Here's more from an Instagram post this morning:
It is a strange feeling getting rid of these things that gave more comfort to me the last 5 years than any bed or couch I lay down since I left my parents’ home.
Now I need to make some room for the oven as well as some cosmetic upgrades to the back room. So most of our furniture, and tableware are for sale now. Tables are $50 chairs are $30 each. Plates and bowls are $5. If you really need something like this but can’t afford it I will give you a pair for free.
Sahin has been putting in 80-hour weeks — mostly by himself — to keep C&B afloat during this crisis. He continues to pay his staff, whom he didn't want to put in harm's way by coming to work. One C&B employee did volunteer to return to work. The other C&B staffers continue to get paid.

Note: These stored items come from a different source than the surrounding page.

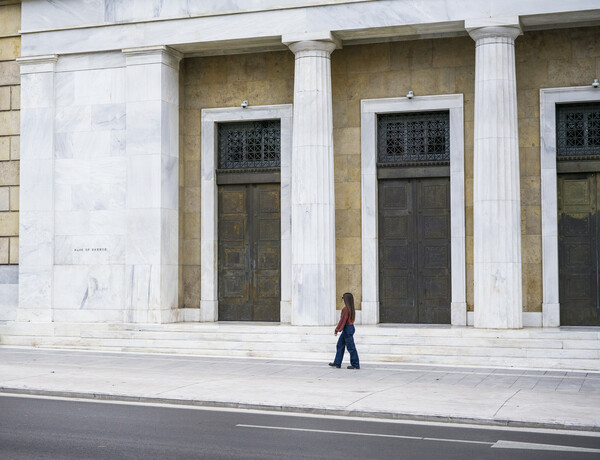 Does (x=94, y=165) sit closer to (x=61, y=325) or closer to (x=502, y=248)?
(x=61, y=325)

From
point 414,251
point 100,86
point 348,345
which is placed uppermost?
point 100,86

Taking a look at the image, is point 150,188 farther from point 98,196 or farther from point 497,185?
point 497,185

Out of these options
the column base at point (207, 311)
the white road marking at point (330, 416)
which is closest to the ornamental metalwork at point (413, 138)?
the column base at point (207, 311)

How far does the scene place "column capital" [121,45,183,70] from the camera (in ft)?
83.8

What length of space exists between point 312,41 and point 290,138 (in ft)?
10.8

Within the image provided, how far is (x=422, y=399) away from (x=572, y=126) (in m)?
12.3

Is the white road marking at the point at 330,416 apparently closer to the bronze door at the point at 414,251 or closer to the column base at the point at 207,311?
the column base at the point at 207,311

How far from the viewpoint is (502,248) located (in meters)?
22.5

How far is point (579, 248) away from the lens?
80.6 ft

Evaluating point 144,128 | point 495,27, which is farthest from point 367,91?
point 144,128

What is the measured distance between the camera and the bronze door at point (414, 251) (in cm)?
2539

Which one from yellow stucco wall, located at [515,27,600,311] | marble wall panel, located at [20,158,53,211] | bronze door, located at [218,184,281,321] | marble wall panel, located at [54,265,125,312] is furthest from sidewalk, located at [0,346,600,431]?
marble wall panel, located at [20,158,53,211]

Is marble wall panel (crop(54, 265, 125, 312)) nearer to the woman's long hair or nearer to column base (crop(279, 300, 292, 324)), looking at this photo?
column base (crop(279, 300, 292, 324))

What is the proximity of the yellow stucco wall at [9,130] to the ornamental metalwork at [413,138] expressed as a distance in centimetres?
1103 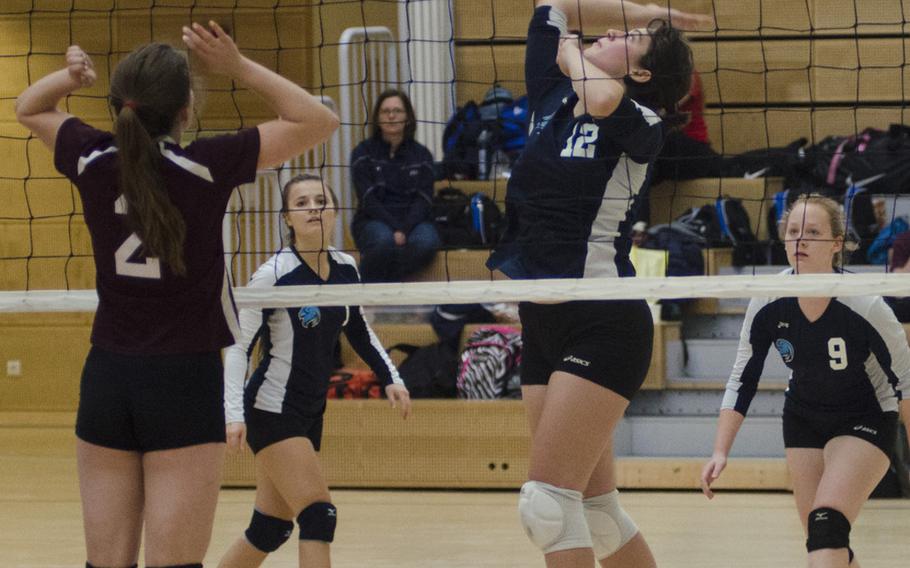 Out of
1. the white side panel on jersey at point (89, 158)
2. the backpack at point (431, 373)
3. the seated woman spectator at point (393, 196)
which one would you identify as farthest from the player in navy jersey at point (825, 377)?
the seated woman spectator at point (393, 196)

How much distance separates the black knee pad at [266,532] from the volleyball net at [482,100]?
121 inches

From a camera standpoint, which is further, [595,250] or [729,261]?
[729,261]

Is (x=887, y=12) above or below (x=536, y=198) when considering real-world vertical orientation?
above

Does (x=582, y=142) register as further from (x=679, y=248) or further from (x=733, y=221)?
(x=733, y=221)

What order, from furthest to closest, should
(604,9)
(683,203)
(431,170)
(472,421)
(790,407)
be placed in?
1. (683,203)
2. (431,170)
3. (472,421)
4. (790,407)
5. (604,9)

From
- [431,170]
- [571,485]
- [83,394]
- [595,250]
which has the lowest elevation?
[571,485]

Meanwhile, Sahin's bank informed him this week that there weren't any funds left for his small business in the SBA's Paycheck Protection Program. Eater yesterday reported on some of the NYC "small" businesses who did receive the loans, including $10 million for Shake Shack and Potbelly. [UPDATED 4/20: Shake Shack is returning the $10 million.]
oh, just a $1.6 billion dollar burger chain getting $10 million in government-loans, and which smaller independent venues got shut out from b/c there isn't any more money left in the program.
— ryan sutton (@qualityrye) April 17, 2020
no big deal. https://t.co/sZMrv4Dz0c (by @TanayWarerkar)
C&B is open Saturday to Thursday from 9 a.m. to 2 p.m.